TASK INSTRUCTIONS ▸
Within the entries below, please return exactly the lines from the one with "El 14 de febrero, el" through the one with "Building Photo - 288 W Siesta Ave", leaving out any pictures.
───── DATA UNDER STUDY ─────
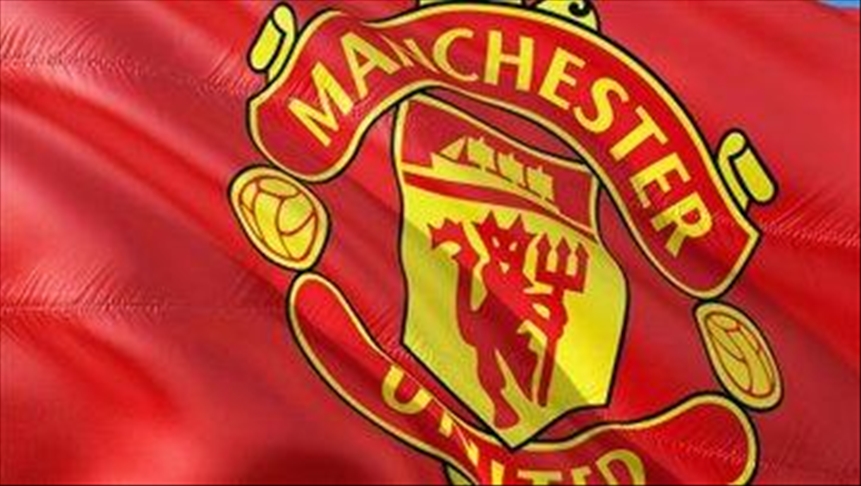 Manchester United fans protest club’s owner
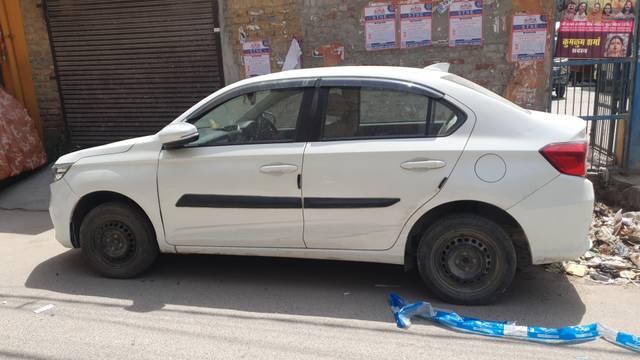 https://images10.gaadi.com/usedcar_image/4539571/original/processed_620b1fa3-83cb-4423-9881-47881a0dd754.jpg?imwidth=6400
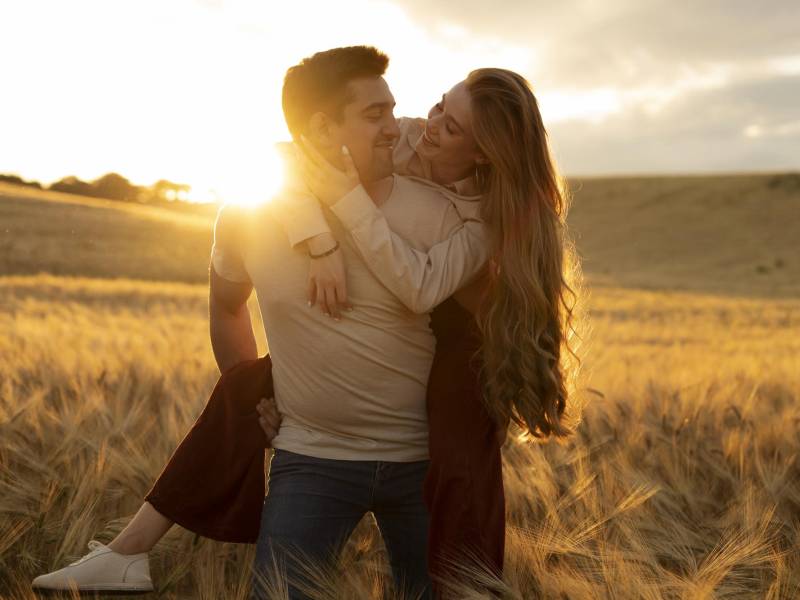 El 14 de febrero, el Día del Amor y la Amistad, es una ocasión para celebrar el amor, la amistad y los lazos afectivos que nos unen a nuestros seres queridos. Foto Freepik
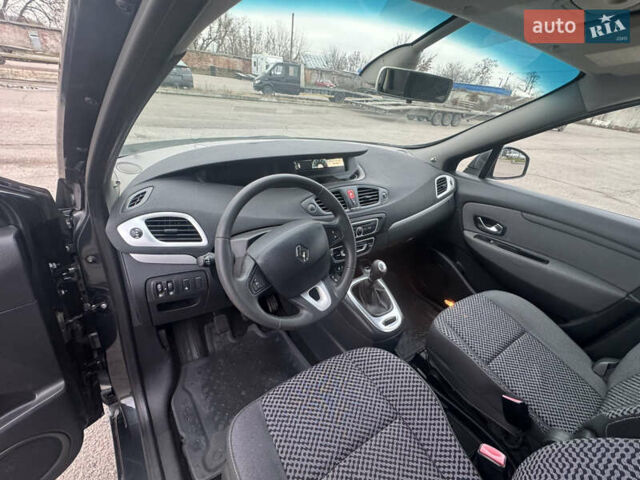 Сірий Рено Гранд Сценік, об'ємом двигуна 1.6 л та пробігом 219 тис. км за 9000 $, фото 32 на Automoto.ua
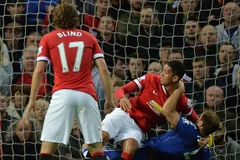 Chelsea đã bị "cướp" penalty ở trận đại chiến với Man United?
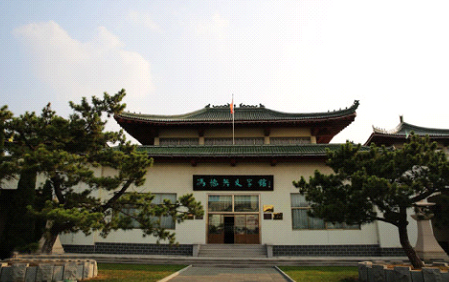 冯德英文学馆.jpg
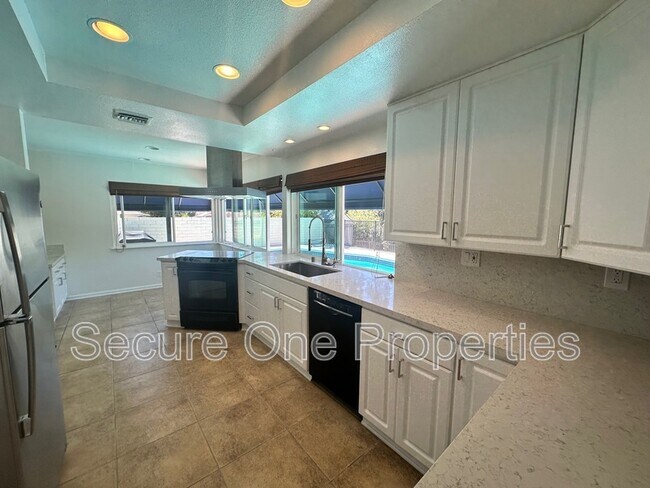 Building Photo - 288 W Siesta Ave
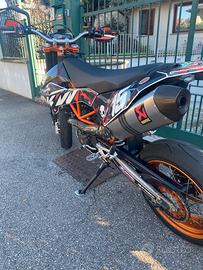 Ktm 690 smc-r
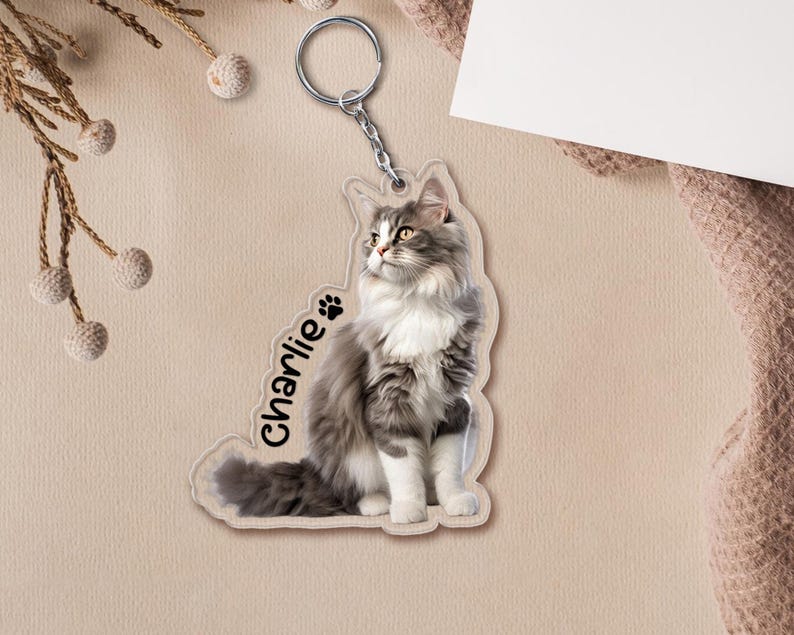 Custom Pet Keychain, Pet Portrait Keychain, Personalized Pet Photo Keychain, Dog Keychain, Cat Memorial Gift, Holiday Gift for Pet Lovers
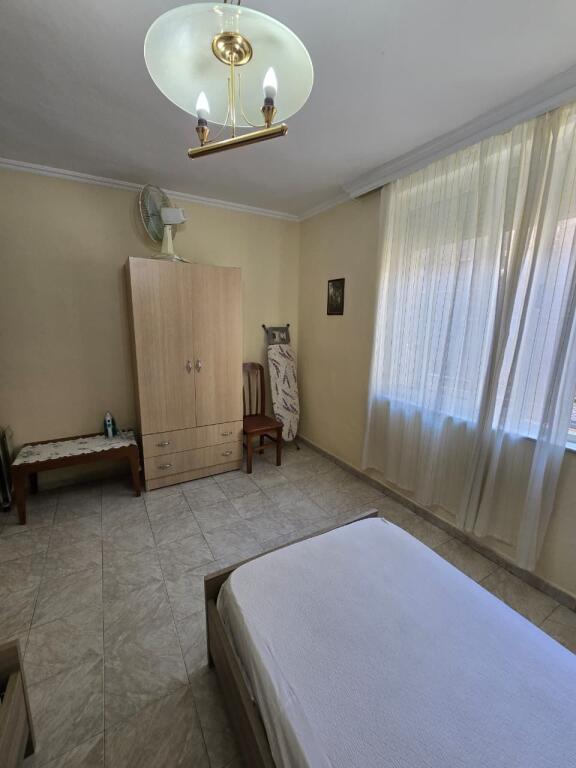 APARTAMENT 2+1 PER QERA TEK PAZARI I RI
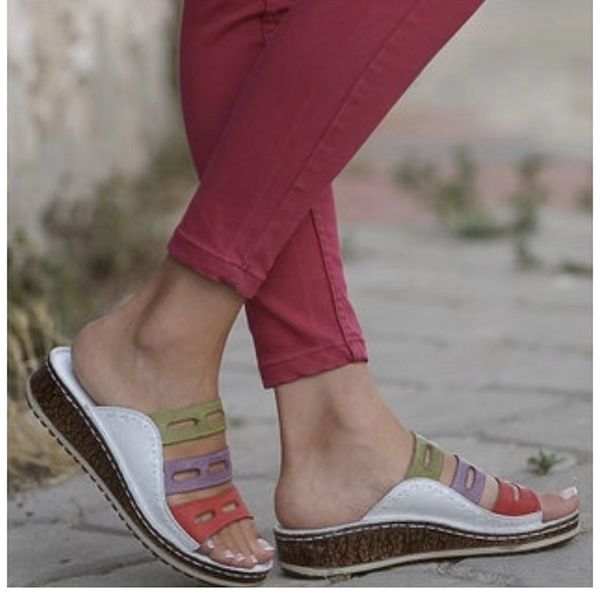 2020 summer women's slippers color matching sandals women's open toe casual shoes platform wedge skateboard beach ladies shoes, Black
2020 summer women's slippers color matching sandals women's open toe casual shoes platform wedge skateboard beach ladies shoes, Black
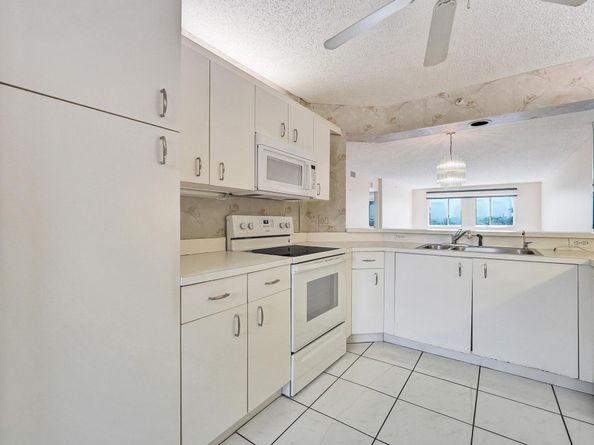 9587 Weldon Cir B312, Fort Lauderdale FL 33321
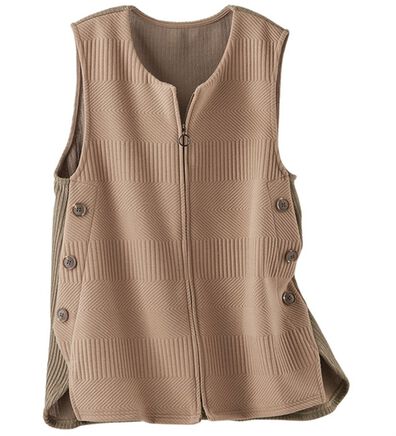 BELLUNA（ベルーナ）の「ジャカードカットソー素材サイドボタンベスト（ベスト）」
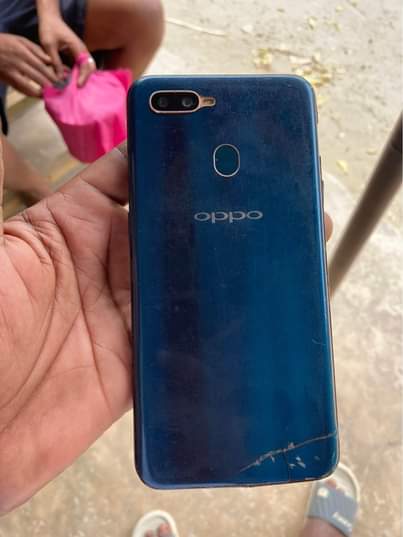 A picture of Oppo F9 ina Password Ya Kuflash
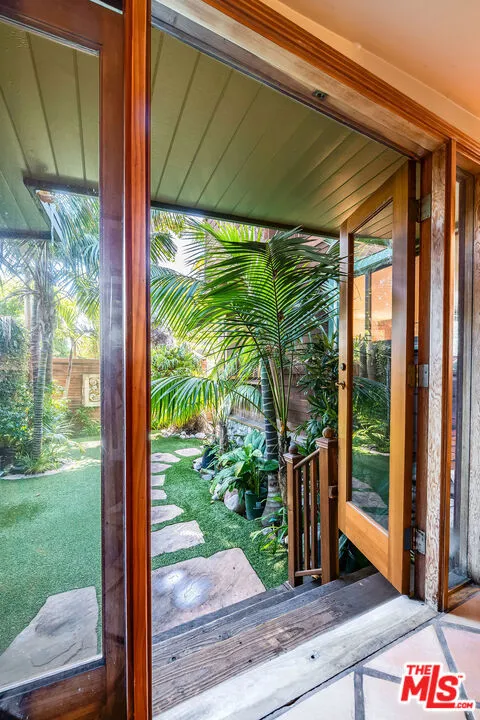 454 East Rustic Road Santa Monica, CA 90402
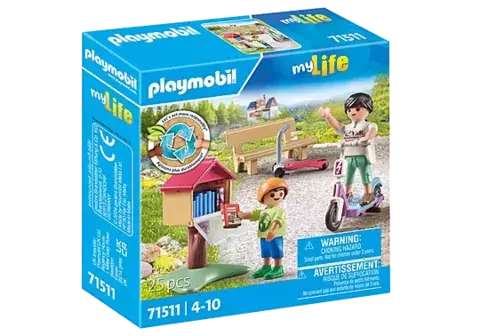 Armario de intercambio de libros madre y niño con monopatines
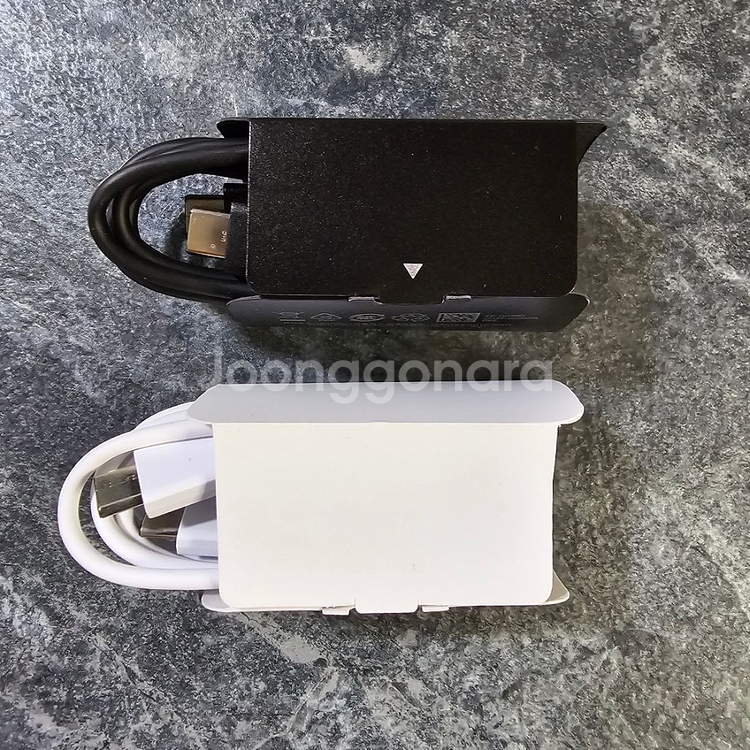 삼성 25W 초고속충전 지원하는 CtoC케이블--1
─────
EXERCISE OUTPUT ▸
 El 14 de febrero, el Día del Amor y la Amistad, es una ocasión para celebrar el amor, la amistad y los lazos afectivos que nos unen a nuestros seres queridos. Foto Freepik
 Сірий Рено Гранд Сценік, об'ємом двигуна 1.6 л та пробігом 219 тис. км за 9000 $, фото 32 на Automoto.ua
 Chelsea đã bị "cướp" penalty ở trận đại chiến với Man United?
 冯德英文学馆.jpg
 Building Photo - 288 W Siesta Ave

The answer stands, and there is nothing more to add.